I am pleased to say that in one respect at least we may be turning the tide of decades because the Leader’s Group observed that, leaving aside a brief period around 2002, the number of Bills or clauses of Bills published in draft had remained low and the number scrutinised by Select Committees, whether Joint Committees or Commons-only Select Committees, had been lower still. All that has changed over the past two and a half years. In the previous Session, the Government published 11 Bills or clauses of Bills in draft for pre-legislative scrutiny and in this Session we are on course to publish at least nine in only one year. That is good news. At the Government’s instigation, moreover, we have seen a resurgence in the number of Joint Committees conducting pre-legislative scrutiny. There were four in the previous Session and we expect five to be set up in this one. Those trends are no accident: we have deliberately set aside the resources to support an additional pre-legislative scrutiny committee this week.

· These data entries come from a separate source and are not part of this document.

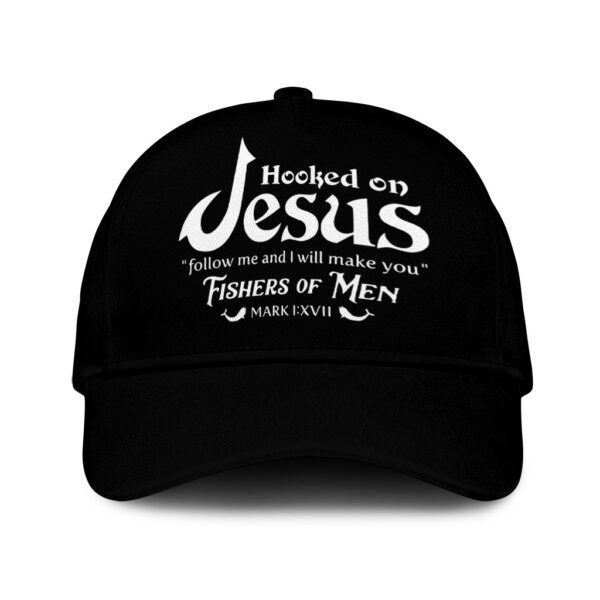 hooked on jesus hat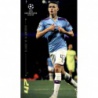 Phil Foden Manchester City El Auge de La Juventud Topps Champions League Lionel Messi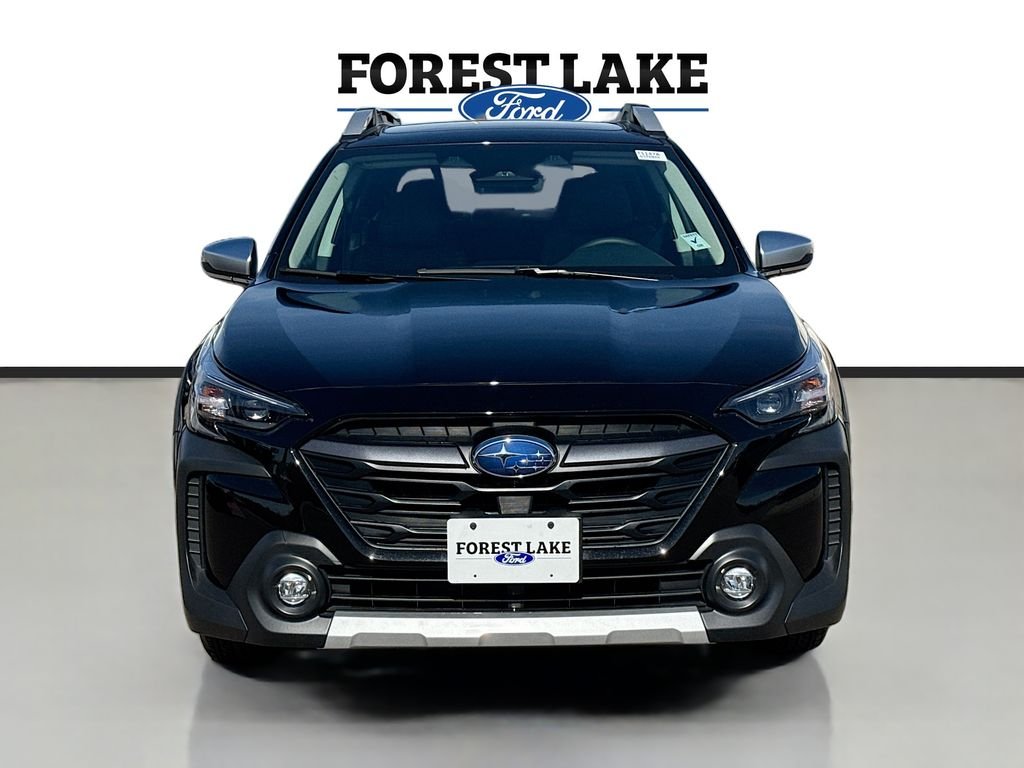 Used 2025 Subaru Outback Touring with VIN 4S4BTAPC2S3304787 for sale in Forest Lake, Minnesota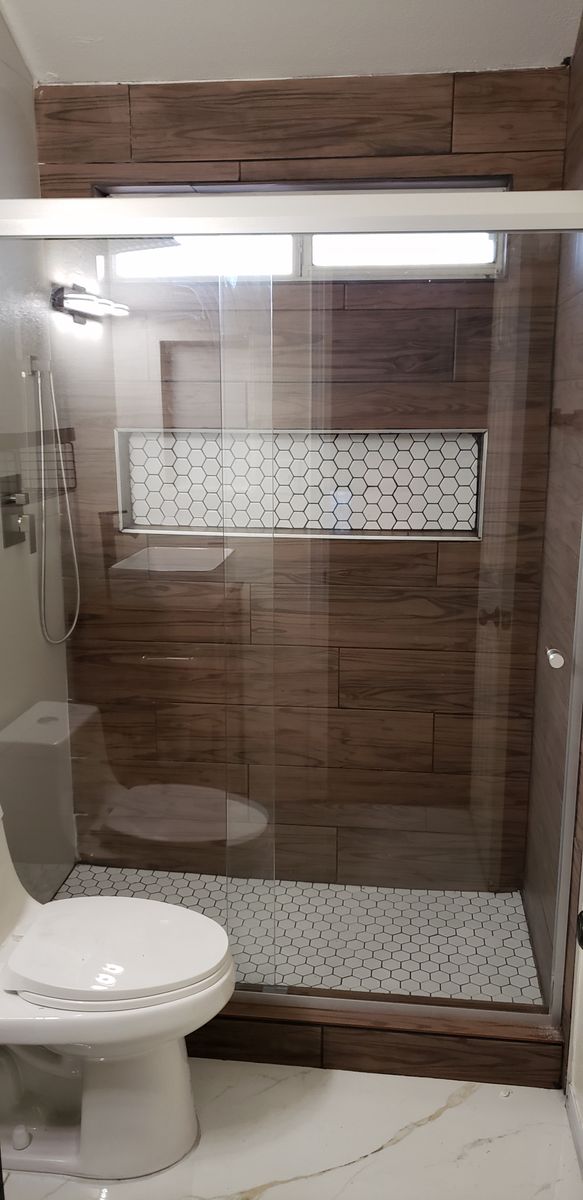 Bathroom Renovation for BDR Innovations in El Paso, TX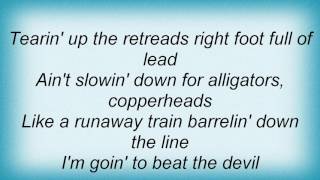 Steve Azar - Goin&#39; To Beat The Devil (To See My Angel Tonight) Lyrics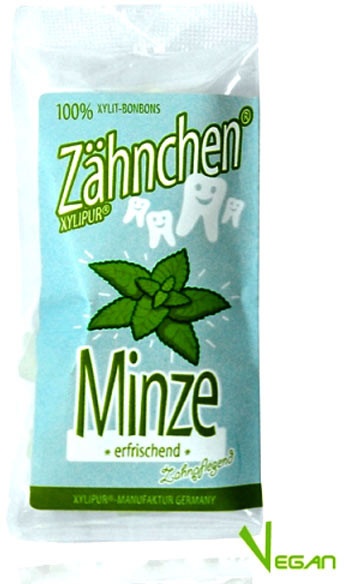 Xylitol Zähnchen® Mint - Zahnpflege Bonbons (0.03kg)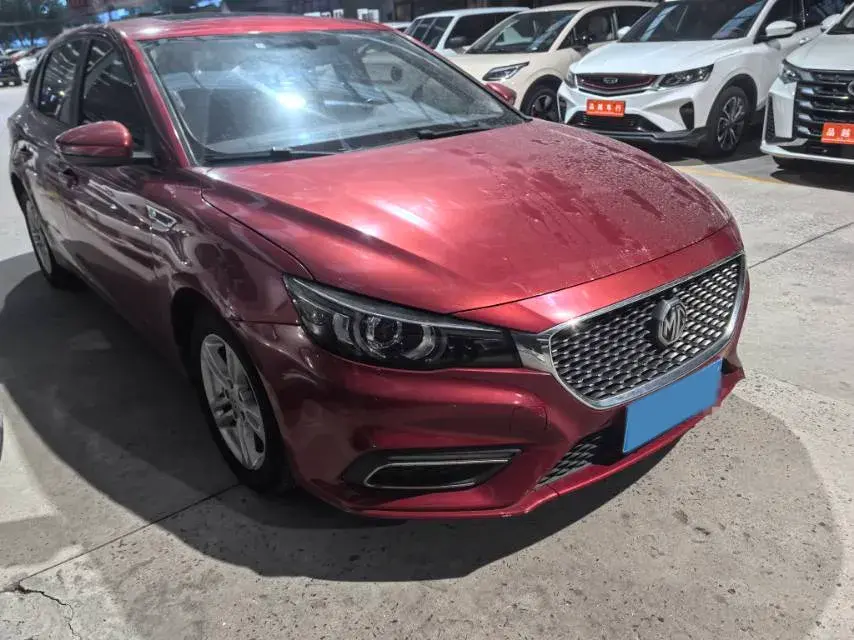 2018 MG MG6 thumbnail 3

We have also made progress, as was noted by my noble friends Lady Hamwee and Lord Cormack and by the noble Lord, Lord Hunt, in relation to post-legislative scrutiny in response to concerns that, once legislation is passed, insufficient attention is devoted to its implementation and effects. For the first time, we have appointed a dedicated Select Committee to conduct post-legislative scrutiny of the legislation relating to adoption in England and Wales. The committee is due to report before the end of the Session and the intention is that it should be the first of a series of post-legislative scrutiny committees, each looking at a different area of the law with a membership tailored to the Acts under scrutiny, so as to make flexible and targeted use of Members’ expertise.

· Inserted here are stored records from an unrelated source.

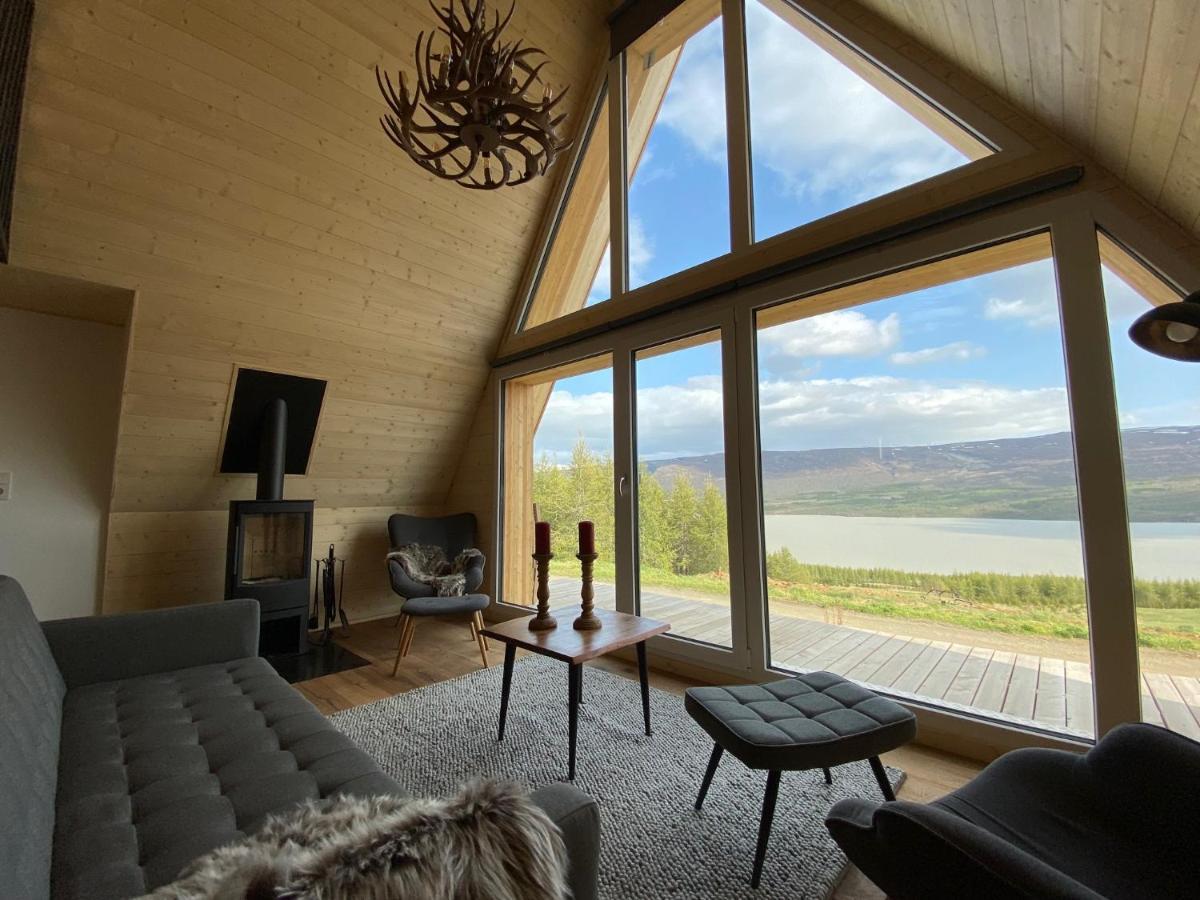 Hengifosslodge Tiny Houses إيغيلستادير المظهر الخارجي الصورة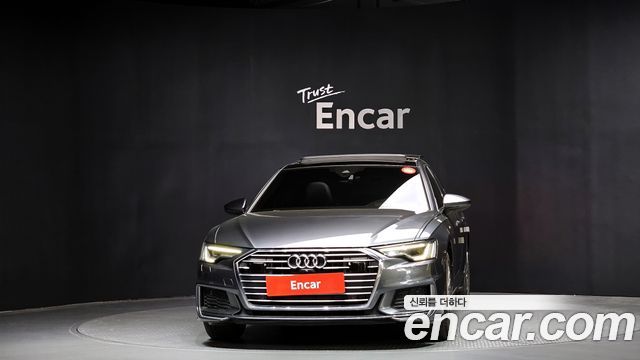 Audi A6 из Кореи Encar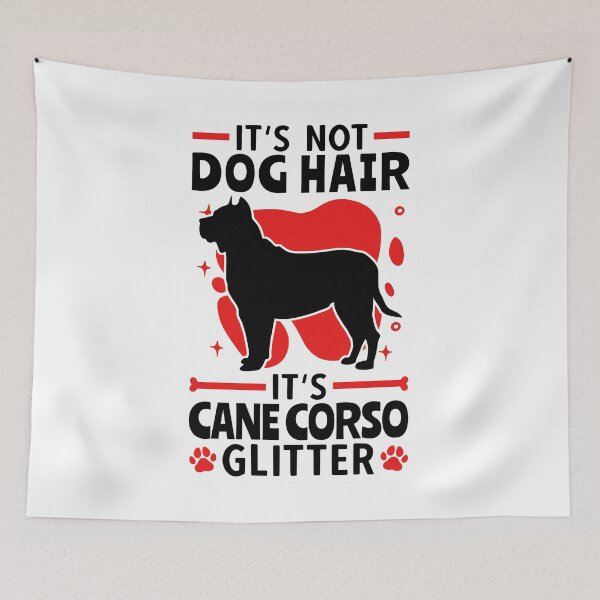 Item preview, This is Cane Corso Glitter Italian Mastiff designed and sold by madgrfx.
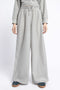 The Grey Wide Leg Trousers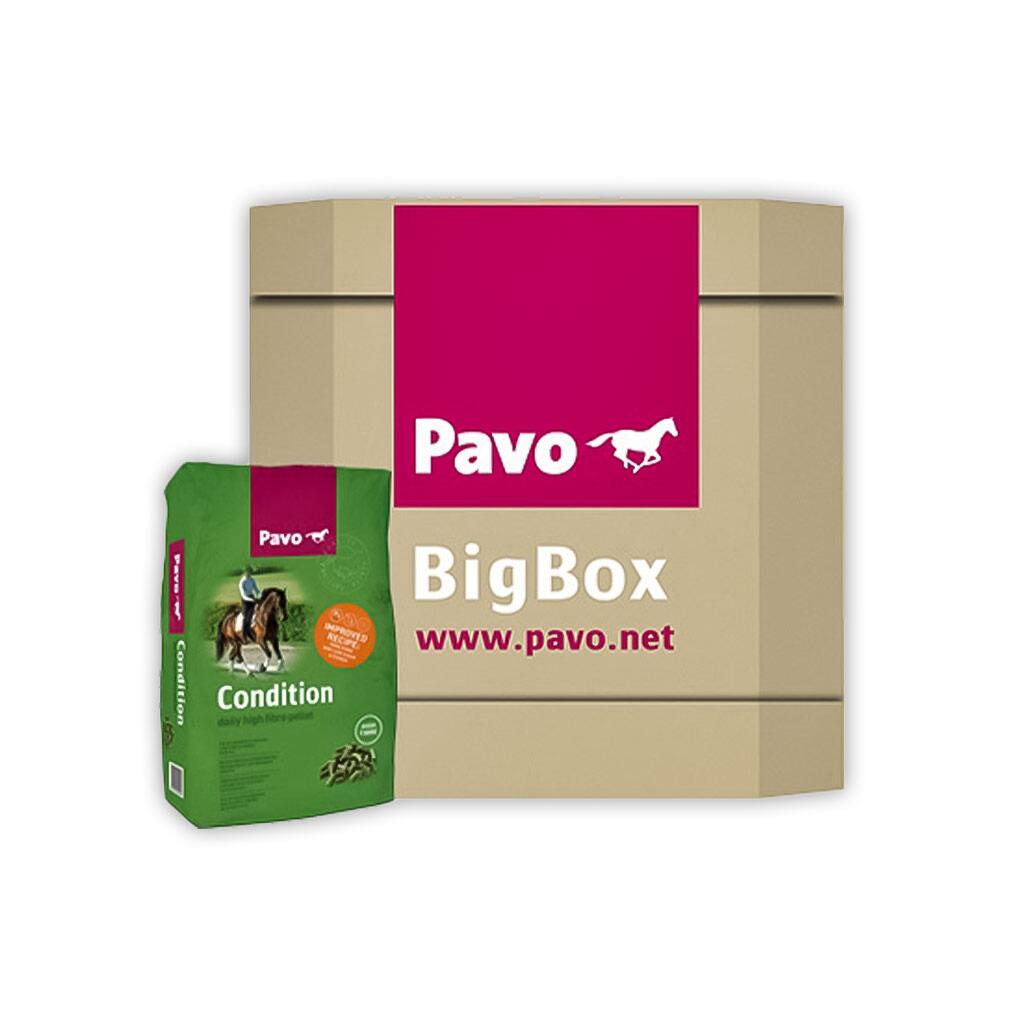 PAVO Futter CONDITION in BIG BOX 725kg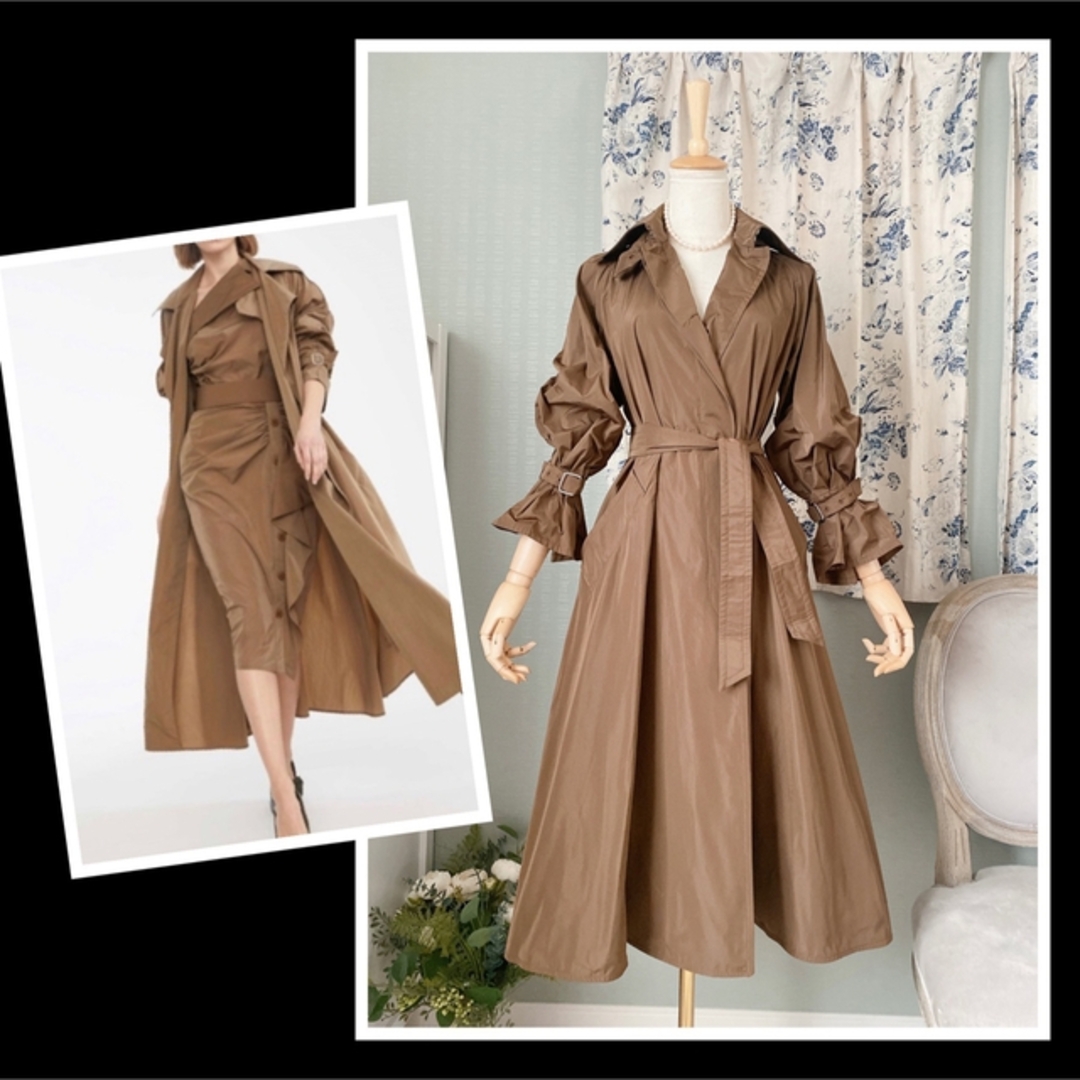 新品未使用 】Max Mara トレンチコート マックスマーラ-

Although we have made considerable progress on those fronts, enhancing the quality and reach of our scrutiny at the beginning and end of the legislative process, I know that there are still some in the House who are interested in a legislative standards committee. Many noble friends mentioned this: the noble Lord, Lord Butler of Brockwell, my noble friend Lady Tyler and the noble Lord, Lord Bichard, who I am glad to hear has been receiving so many comments by e-mail—he is no doubt enhancing his reputation by replying to each of them in detail. The Political and Constitutional Reform Committee of the House of Commons is currently considering the proposal for a legislative standards committee as part of a broader inquiry into ensuring standards in the quality of legislation. Two Members of this House—the noble Lord, Lord Butler, and my noble friend Lord Maclennan of Rogart—have given oral evidence to that inquiry and my right honourable friend the Leader of the House of Commons is due to follow suit. Without wishing to pre-empt either his evidence or the Government’s response to any recommendations resulting from the inquiry, I make the following observations.

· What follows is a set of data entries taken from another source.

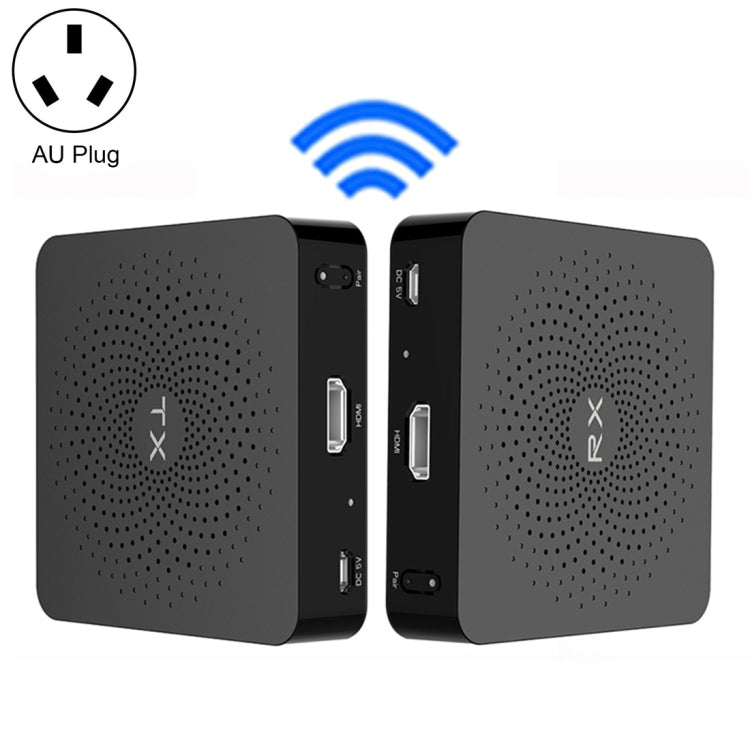 Measy W2H 60GHz 4K Ultra HD Wireless Transmission Kit, Transmission Distance: 30m, AU Plug - Set Top Box & Accessories by Measy | Online Shopping UK | buy2fix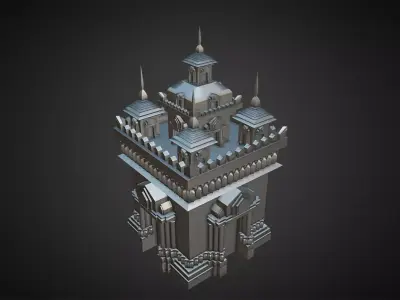  Patuxay Laos - v4 3D print model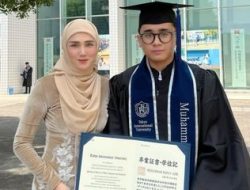 Mulan Jameela Unggah Momen Haru, Putra Pertama Lulus dari Kampus Elite di Tokyo!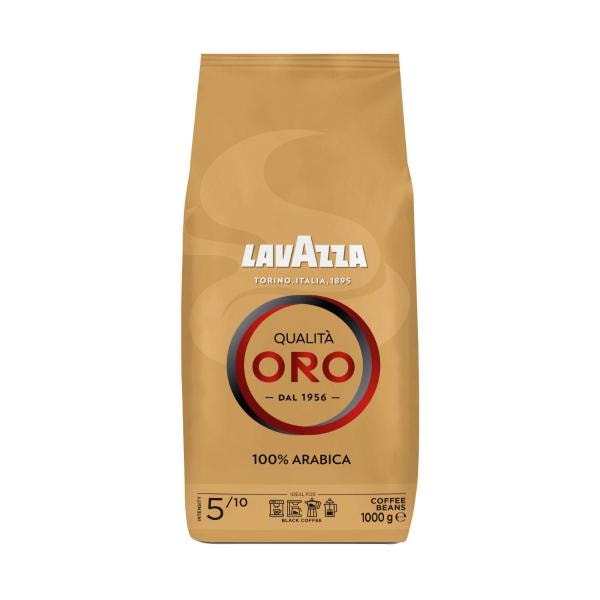 Lavazza Medium Roast Smooth And Aromatic Coffee Beans | 1kg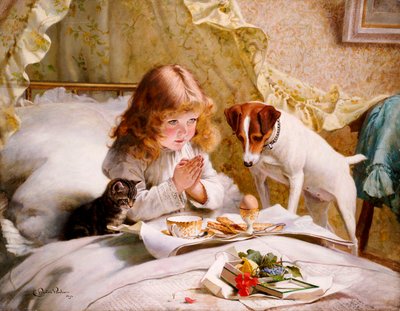 Suspense, 1894 da Charles Burton Barber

There is in my view a tension between this House’s role as a revising Chamber and the idea that one of its committees, composed of a small group of Members, should recommend that a government Bill progresses no further. The analogy with secondary legislation and the Secondary Legislation Scrutiny Committee is not apt. Secondary legislation cannot be amended, whereas the very purpose of a Bill’s passage through Parliament is to provide an opportunity for improvement and revision. In that sense, the House is itself a legislative standards committee; that is our primary and principal function. Denying a government Bill that has already passed through the House of Commons a Second Reading on the recommendation of a legislative standards committee would be an extraordinary step. Were the committee’s remit to be restricted to Bills starting in the Lords, it could have the unintended consequence of reducing the number of Bills that start in this House. Even if there were to be agreement on a Joint Committee, as recommended by the noble Baroness, Lady Hayman, I would remain uneasy at the prospect that a Government in command of a majority in the House of Commons would henceforth need to present a business case for their legislation before Parliament would consider it.

It would be extraordinary if, on the basis of a recommendation from a legislative standards committee, the House were to decide not to allow a Bill to proceed. That would be the nuclear weapon, and I should be very surprised if it ever happened. Of course, the case of the Bill to abolish the post of Lord Chancellor was a very rare occasion when the Government decided to refer the Bill to a Select Committee. I would expect the committee recommending that a Bill should not proceed to be an equally rare occasion. The point is that if there were criticism of the standards to which a Bill had been prepared, I believe, and I think that other contributions have supported this, that that would have a very beneficial effect inside the Government on the standards to which legislation was prepared, without ever reaching a point where Parliament decided to refuse to allow a Bill to proceed.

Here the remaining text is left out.